Chop Shop (Fiction Without Frontiers)

Image of Chop Shop (Fiction Without Frontiers)
Author(s): 
Release Date: 
June 13, 2019
Publisher/Imprint: 
Flame Tree Publishing
Pages: 
256

If Carl Hiaasen, James Crumley, and Tess Gerritsen got totally wasted and decided to co-author a book, this might be the result.

Chop Shop is violent, tasteless, twisted, and laugh-out-loud funny. Amber Hawthorne inherits a funeral home from her father and she and her college BFF, Jolene Morris, take over the business.

Both women apparently majored in screwing up, and through a combination of bad choices, bad luck, and Amber’s drinking problem, they run the funeral parlor into the ground. They think they’ve hit rock bottom when their furniture is repossessed on a day where they have two funerals scheduled and no chairs for attendees. They’re wrong.

Shawn aka Slug (It’s tattooed on his arm!) suggests they start selling body parts from the deceased to the ready and lucrative market for kidneys, hearts, and other organs. After all, he points out, the dead people won’t miss them. What can possibly go wrong?

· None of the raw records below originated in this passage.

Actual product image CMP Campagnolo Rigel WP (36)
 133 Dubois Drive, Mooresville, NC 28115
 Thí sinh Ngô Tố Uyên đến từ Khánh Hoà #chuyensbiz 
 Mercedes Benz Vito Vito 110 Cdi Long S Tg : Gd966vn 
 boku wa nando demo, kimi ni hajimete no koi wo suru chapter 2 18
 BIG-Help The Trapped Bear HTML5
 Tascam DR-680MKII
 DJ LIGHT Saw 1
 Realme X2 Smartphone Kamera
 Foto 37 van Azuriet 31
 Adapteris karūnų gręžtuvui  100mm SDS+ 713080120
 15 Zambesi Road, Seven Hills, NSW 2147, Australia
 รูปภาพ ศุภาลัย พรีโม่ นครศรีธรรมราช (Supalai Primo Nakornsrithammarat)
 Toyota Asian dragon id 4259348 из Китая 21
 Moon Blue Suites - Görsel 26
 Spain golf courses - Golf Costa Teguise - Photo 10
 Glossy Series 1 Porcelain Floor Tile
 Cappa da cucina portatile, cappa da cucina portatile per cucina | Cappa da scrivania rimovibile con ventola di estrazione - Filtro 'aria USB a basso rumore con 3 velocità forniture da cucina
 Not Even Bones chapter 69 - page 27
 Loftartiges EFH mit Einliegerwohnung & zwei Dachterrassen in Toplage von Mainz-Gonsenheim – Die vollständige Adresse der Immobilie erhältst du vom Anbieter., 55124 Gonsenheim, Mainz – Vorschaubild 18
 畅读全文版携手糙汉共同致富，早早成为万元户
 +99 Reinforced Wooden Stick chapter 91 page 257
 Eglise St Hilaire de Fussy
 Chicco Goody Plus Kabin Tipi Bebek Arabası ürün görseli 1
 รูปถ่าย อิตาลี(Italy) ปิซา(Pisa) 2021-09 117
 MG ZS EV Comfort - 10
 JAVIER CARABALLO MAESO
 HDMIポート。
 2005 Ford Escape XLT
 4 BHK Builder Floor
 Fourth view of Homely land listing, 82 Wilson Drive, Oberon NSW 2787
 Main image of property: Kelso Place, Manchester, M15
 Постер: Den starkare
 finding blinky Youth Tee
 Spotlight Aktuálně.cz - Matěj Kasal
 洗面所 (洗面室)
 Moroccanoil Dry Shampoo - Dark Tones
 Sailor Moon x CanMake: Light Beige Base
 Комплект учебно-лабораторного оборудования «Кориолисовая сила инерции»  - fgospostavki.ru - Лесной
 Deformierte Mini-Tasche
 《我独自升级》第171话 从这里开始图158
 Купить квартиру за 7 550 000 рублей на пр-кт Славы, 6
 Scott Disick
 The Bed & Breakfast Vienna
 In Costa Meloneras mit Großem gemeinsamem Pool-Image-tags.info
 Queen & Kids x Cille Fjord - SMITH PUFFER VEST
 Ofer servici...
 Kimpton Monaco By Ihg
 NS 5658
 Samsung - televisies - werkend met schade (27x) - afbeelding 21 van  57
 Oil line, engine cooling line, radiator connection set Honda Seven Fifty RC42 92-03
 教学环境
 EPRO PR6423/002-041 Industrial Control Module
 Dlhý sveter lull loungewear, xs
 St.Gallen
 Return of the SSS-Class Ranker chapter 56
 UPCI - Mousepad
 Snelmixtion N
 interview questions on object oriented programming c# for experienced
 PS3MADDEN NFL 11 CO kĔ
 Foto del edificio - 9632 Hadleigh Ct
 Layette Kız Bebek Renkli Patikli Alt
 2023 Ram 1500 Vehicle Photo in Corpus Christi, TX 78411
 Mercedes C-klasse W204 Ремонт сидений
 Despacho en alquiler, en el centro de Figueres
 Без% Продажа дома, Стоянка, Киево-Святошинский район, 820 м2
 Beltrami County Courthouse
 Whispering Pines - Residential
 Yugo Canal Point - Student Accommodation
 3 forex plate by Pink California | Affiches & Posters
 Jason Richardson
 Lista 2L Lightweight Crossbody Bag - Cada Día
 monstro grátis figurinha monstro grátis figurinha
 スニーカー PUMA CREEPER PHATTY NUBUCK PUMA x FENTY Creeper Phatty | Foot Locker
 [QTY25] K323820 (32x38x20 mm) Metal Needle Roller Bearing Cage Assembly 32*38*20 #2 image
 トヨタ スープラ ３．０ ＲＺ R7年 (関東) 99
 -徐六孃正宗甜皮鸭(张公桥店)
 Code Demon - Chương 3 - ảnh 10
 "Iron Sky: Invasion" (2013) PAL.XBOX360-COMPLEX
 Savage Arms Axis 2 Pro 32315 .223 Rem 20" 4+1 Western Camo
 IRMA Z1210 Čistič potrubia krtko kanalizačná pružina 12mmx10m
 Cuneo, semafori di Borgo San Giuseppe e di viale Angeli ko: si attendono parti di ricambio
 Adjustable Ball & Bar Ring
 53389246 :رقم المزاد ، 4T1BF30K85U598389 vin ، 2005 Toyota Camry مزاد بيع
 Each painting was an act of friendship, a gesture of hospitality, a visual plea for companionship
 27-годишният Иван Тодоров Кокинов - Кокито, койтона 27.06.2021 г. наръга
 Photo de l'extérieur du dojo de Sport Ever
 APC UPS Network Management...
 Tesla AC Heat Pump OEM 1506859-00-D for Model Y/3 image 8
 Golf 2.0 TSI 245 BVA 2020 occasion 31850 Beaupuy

Frank Goode is a former doctor who lost his medical license and served two years in prison for dealing drugs. Now he works at the local box store and performs clandestine surgery for mobbed-up thugs and the occasional abortion for their girlfriends. Unfortunately, Simone, of the Pescatelli crime family, lies in his recovery room when Vasily, a member of the Petrosky crime family, comes in with a bullet wound. While Frank sleeps after performing the surgery, Simone shoots Vasily and flees, leaving Frank to face the furious family.

Ted, who sells Frank his under-the-counter medical supplies, gives him Amber and Jolene’s contact so he can dispose of the body before Vasily’s friends find him with a bullet through his head, hard to explain when he was brought in with a shot to the groin. Frank gives the body to the women, and things go downhill from there.

Post’s supporting characters are so twisted that if they moved in next door, they would give your dog mange. Most of them are likeable for whole seconds at a time. They just want to make a living—or, maybe, a killing—and go on as long as they can.

The dialogue in which we try to follow their logic and decipher their philosophy of life is both side-splitting and terrifying. The speeches are far too long, but they’re part of Post’s stylistic fabric in this Monty Python meets Grand Guignol world. His dark humor and ear for language make it work.

So does his plotting. Characters tend to have three options in this book: bad, worse, and not quite the end of the world. They unerringly choose the latter, leading to another similar choice. It’s funny as hell only because we aren’t the ones going through it.

The body count rivals the Tet Offensive. Amber and Jolene struggle to keep the business afloat even though they’ve wandered into far deeper water than they’re used to navigating. Frank struggles to protect his estranged ex-wife and daughter from the wrath of the mob with only slightly more success. The supporting cast keeps the action and subplots churning until the logical but unexpected final catastrophe.

Post seems to love these people, radioactive warts and all, and we all benefit from his concern.